So if I'm interpreting this correctly, they take a VG-10 cutting edge sandwiched between 2 layers of something else (definition of san mai) and then they cut that out and "braze weld" (I think that means it's basically soddered instead of welded) it together with a stainless steel upper. 3 layers at the cutting edge, some soddering, then a single layer stainless steel on top. If i'm right, anything above the fake hamon line is not VG-10 and not fit to really take an edge. Practically speaking, it's unlikely that anyone takes this knife past the usable cutting edge and this seems like a creative way to create an entry level product that allows them to reach customers that would love to own Shun knives but can't justify the price. Obviously doing something this commercially driven is not going to win Shun any fans on forums like this (and give their critics more to hate), but we are not the target audience either. 

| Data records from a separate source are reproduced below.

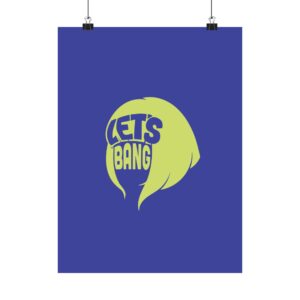 Let's Bang Matte Vertical Posters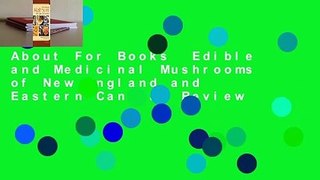 About For Books  Edible and Medicinal Mushrooms of New England and Eastern Canada  Review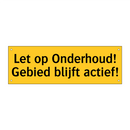 Let op Onderhoud! Gebied blijft actief! & Let op Onderhoud! Gebied blijft actief!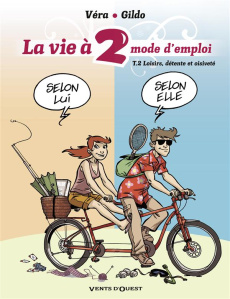 La vie à 2, mode d'emploi Tome 2 : Loisirs, détente et oisiveté - VERA/GILDO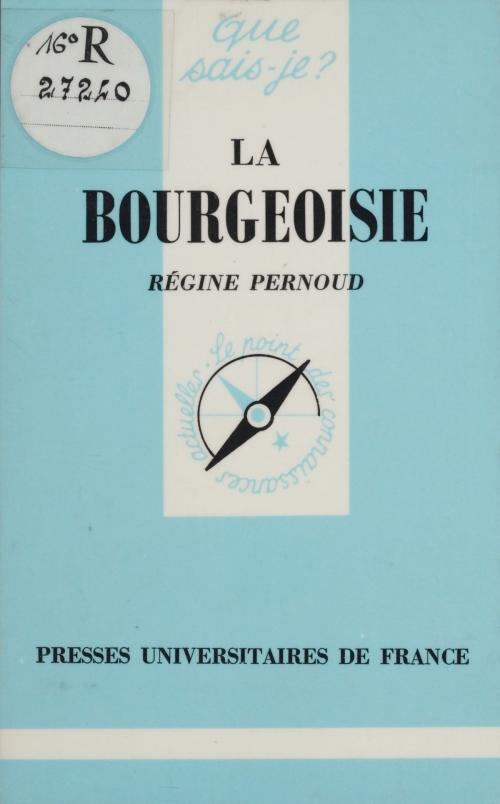 Cover of the book La Bourgeoisie by Régine Pernoud, Presses universitaires de France (réédition numérique FeniXX)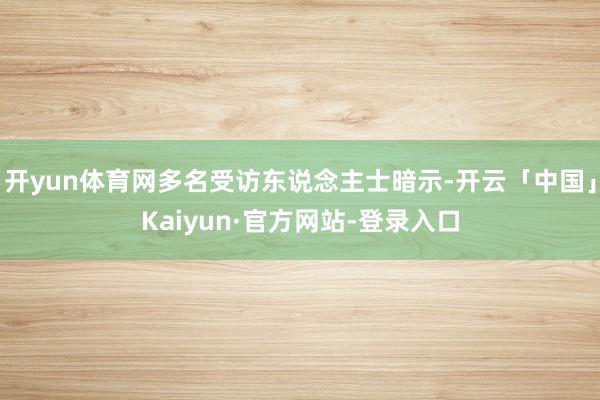 开yun体育网多名受访东说念主士暗示-开云「中国」Kaiyun·官方网站-登录入口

Wondering if anyone has any experience with these knives. Is fit and finish still on par with what you would expect from Shun or are they starting to cut a few too many corners?


----------



## richard (Dec 18, 2015)

I've handled them in the store not looking to get one, but just curious, and the fit and finish is quite good. It's not the F&F, but the materials that suffer a bit due to being an economy line, with the handle feeling a bit plastic-y, but still solid. The somewhat surprising plus is that the chef's knife has a flatter profile and IIRC lighter and more nimble than the typical Shun classic 8".


----------